- Born: Wolf Ephraim Seligmann 17 August 1800 Altona, Holstein, Germany
- Died: 9 August 1856 (aged 55) Kiel, Holstein, Germany
- Occupation: Jurist

= Wilhelm Eduard Wilda =

German jurist (1800–1856)

Wilhelm Eduard Wilda (17 August 1800 – 9 August 1856) was a German jurist of Jewish descent.

He was educated at the Johanneum of Hamburg and the universities of Göttingen, Heidelberg, Kiel, and Copenhagen. The year 1826 was passed partly in Berlin and partly in travel through Germany, France, and Switzerland. After practicing as an attorney at Hamburg from 1826 to 1830, he was appointed assistant professor at Halle, where he remained until 1842, when he was called to Breslau as full professor. In 1854 he was transferred to Kiel.
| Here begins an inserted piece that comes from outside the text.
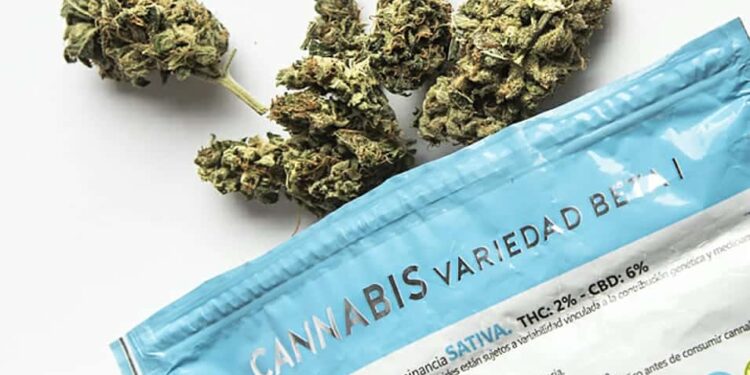 Uruguay, cannabis con más THC. Foto de archivo.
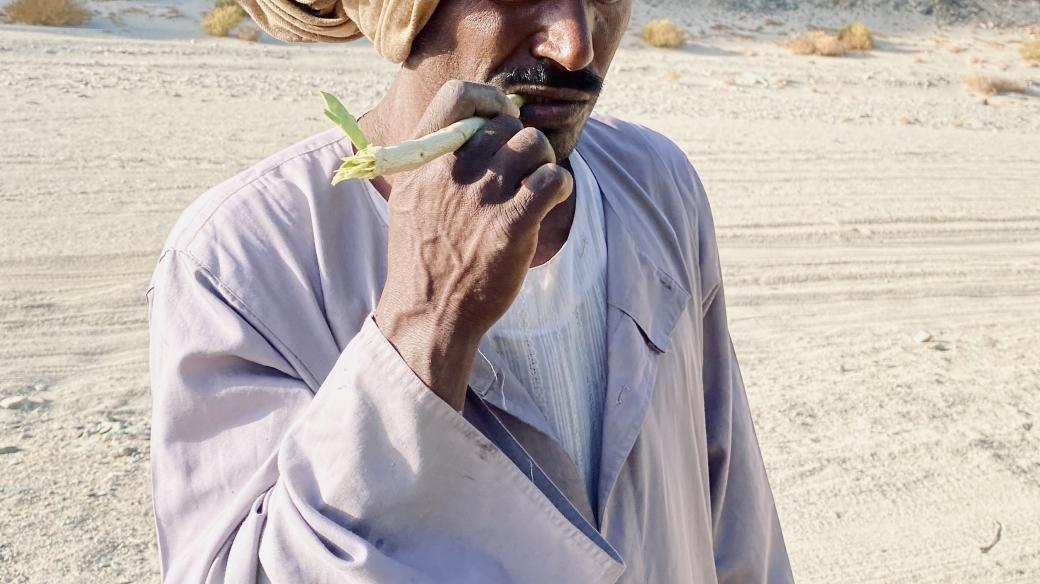 Ve Wádí Džimá rostou keře arák, z jehož větviček si Beduíni dělají zubní kartáčky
Wilda, who was the founder of comparative jurisprudence, was the author of the following works: Das Gildewesen im Mittelalter (Halle, 1831; 2d ed., Berlin, 1838); and Das Strafrecht der Germanen (Halle, 1842), a volume forming the second part of his Geschichte des Deutschen Rechtes. In 1838 he founded, in collaboration with August Ludwig Reyscher, the Zeitschrift für Deutsches Recht, which was published first at Tübingen and later at Leipzig, and was discontinued in 1861.